Only one stretch of the data below is wanted: the lines starting at the one with "克罗潮牌925纯银十字架圆圈" and ending at the one with "Bountiful Strawberry Patch", both included, given again exactly.

**Source material:**

::::

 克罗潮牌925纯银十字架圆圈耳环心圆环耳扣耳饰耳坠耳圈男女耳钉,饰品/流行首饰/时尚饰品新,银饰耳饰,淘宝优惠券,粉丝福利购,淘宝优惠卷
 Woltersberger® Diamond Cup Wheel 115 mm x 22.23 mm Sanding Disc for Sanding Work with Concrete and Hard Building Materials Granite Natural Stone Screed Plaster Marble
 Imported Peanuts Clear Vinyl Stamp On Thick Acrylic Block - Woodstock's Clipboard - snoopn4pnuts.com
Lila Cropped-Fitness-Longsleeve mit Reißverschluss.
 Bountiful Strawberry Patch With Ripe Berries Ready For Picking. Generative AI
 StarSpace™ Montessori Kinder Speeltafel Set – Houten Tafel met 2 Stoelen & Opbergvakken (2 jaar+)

::::

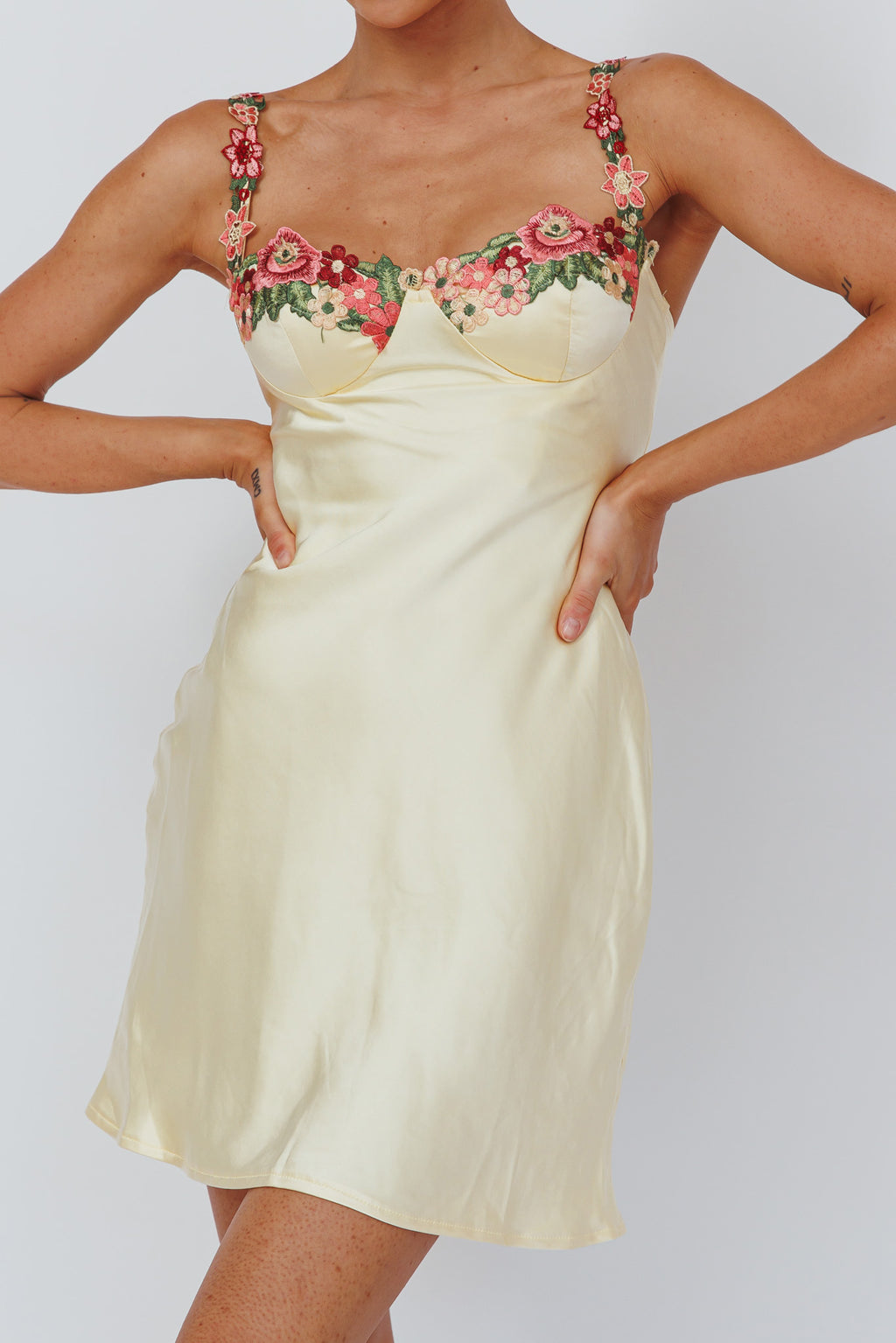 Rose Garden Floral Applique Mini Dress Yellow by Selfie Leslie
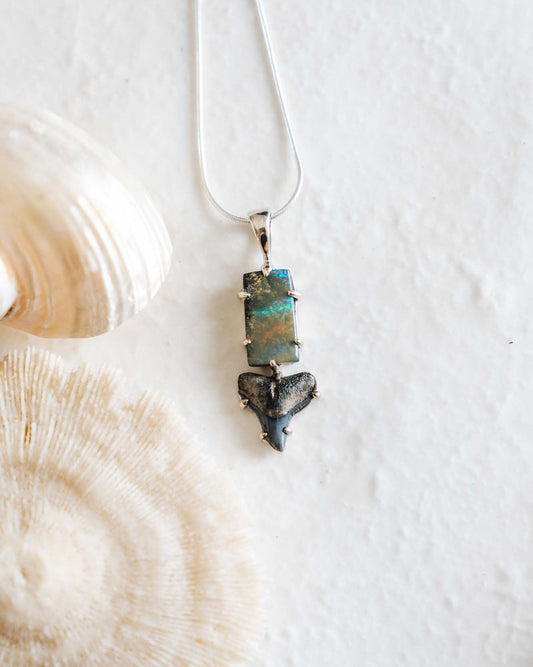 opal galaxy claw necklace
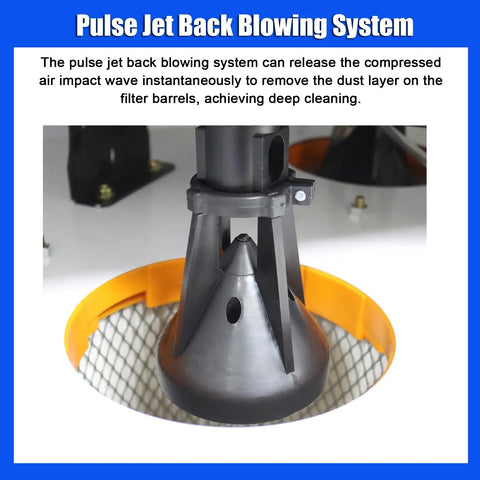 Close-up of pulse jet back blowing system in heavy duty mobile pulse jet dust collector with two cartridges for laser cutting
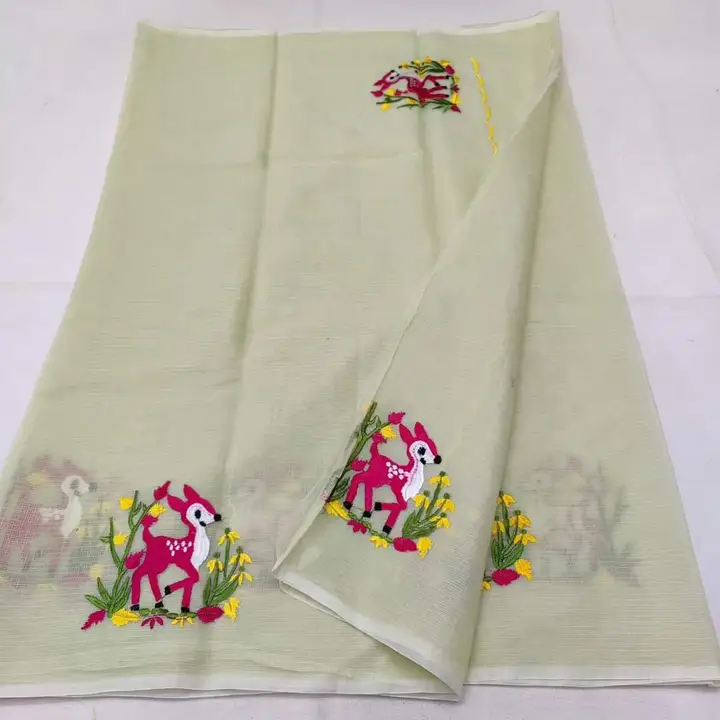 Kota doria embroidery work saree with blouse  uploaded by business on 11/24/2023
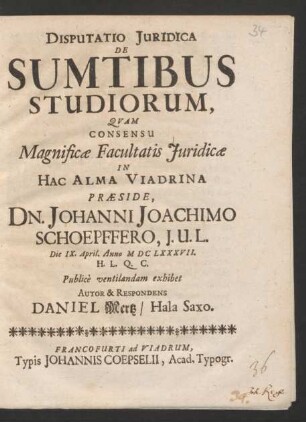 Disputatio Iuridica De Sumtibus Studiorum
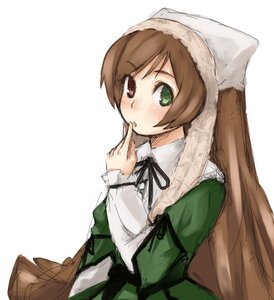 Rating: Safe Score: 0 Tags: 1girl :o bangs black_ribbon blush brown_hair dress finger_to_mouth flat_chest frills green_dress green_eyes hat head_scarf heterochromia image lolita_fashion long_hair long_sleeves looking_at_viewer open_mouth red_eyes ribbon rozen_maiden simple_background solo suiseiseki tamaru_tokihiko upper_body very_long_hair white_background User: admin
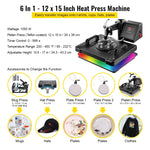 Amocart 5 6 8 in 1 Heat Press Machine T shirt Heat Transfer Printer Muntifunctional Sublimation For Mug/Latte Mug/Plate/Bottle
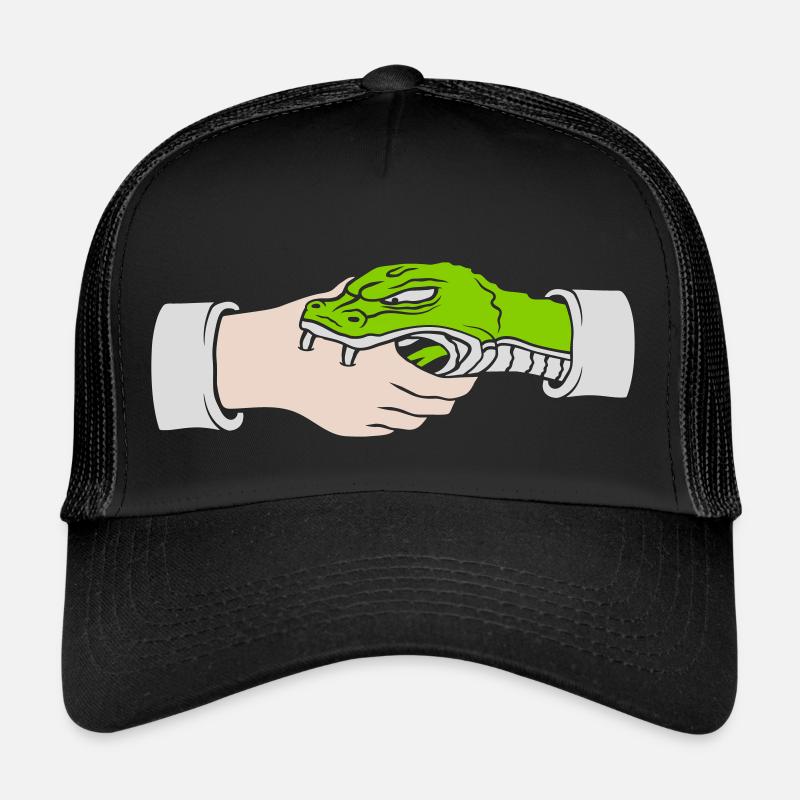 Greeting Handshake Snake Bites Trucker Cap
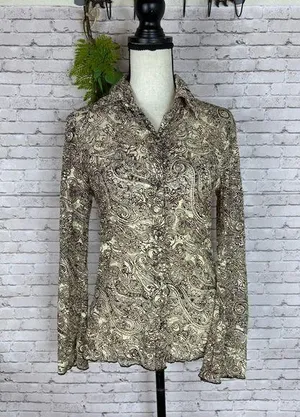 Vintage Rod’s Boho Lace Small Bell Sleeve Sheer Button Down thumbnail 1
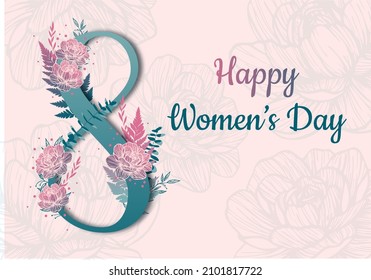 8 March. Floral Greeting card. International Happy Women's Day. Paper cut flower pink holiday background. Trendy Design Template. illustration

::::

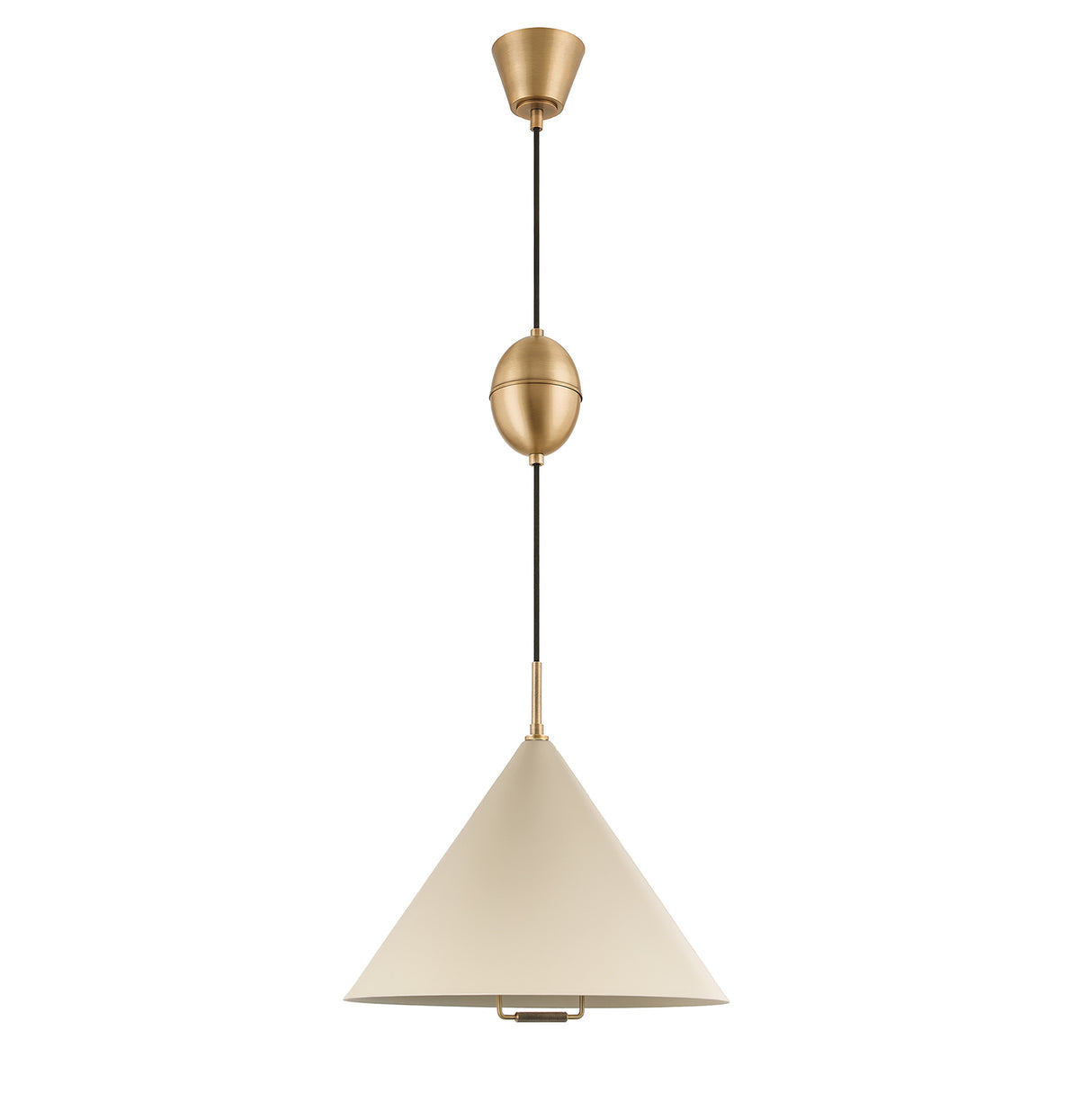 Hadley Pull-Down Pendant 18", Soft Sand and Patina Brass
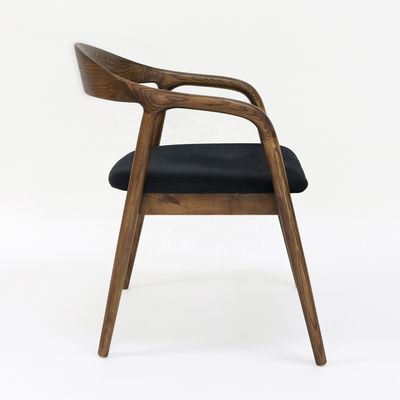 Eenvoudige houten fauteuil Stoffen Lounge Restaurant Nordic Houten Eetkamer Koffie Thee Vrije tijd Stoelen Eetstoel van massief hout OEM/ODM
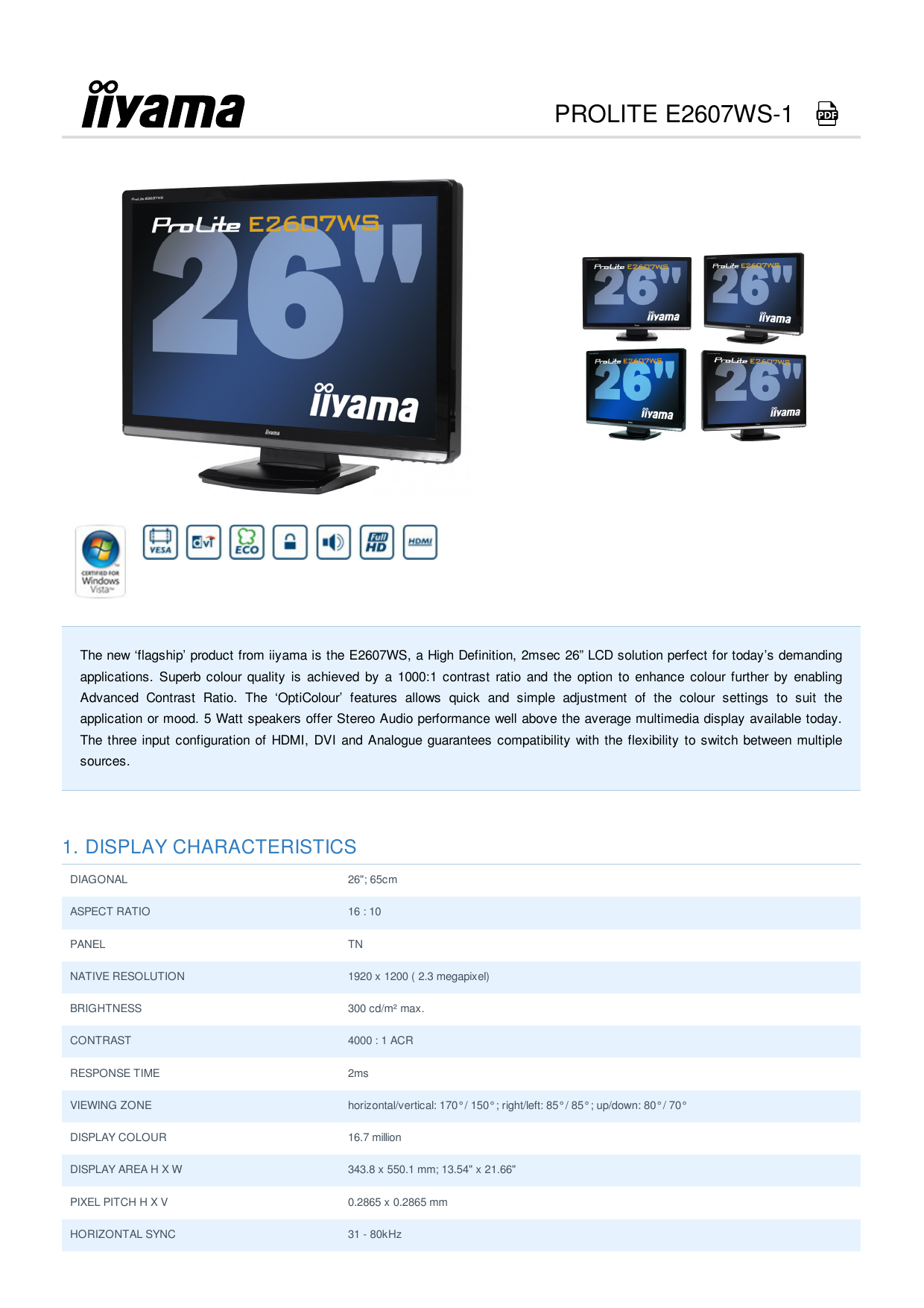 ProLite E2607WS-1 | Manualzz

::::

**Solution for this task:**
 克罗潮牌925纯银十字架圆圈耳环心圆环耳扣耳饰耳坠耳圈男女耳钉,饰品/流行首饰/时尚饰品新,银饰耳饰,淘宝优惠券,粉丝福利购,淘宝优惠卷
 Woltersberger® Diamond Cup Wheel 115 mm x 22.23 mm Sanding Disc for Sanding Work with Concrete and Hard Building Materials Granite Natural Stone Screed Plaster Marble
 Imported Peanuts Clear Vinyl Stamp On Thick Acrylic Block - Woodstock's Clipboard - snoopn4pnuts.com
Lila Cropped-Fitness-Longsleeve mit Reißverschluss.
 Bountiful Strawberry Patch With Ripe Berries Ready For Picking. Generative AI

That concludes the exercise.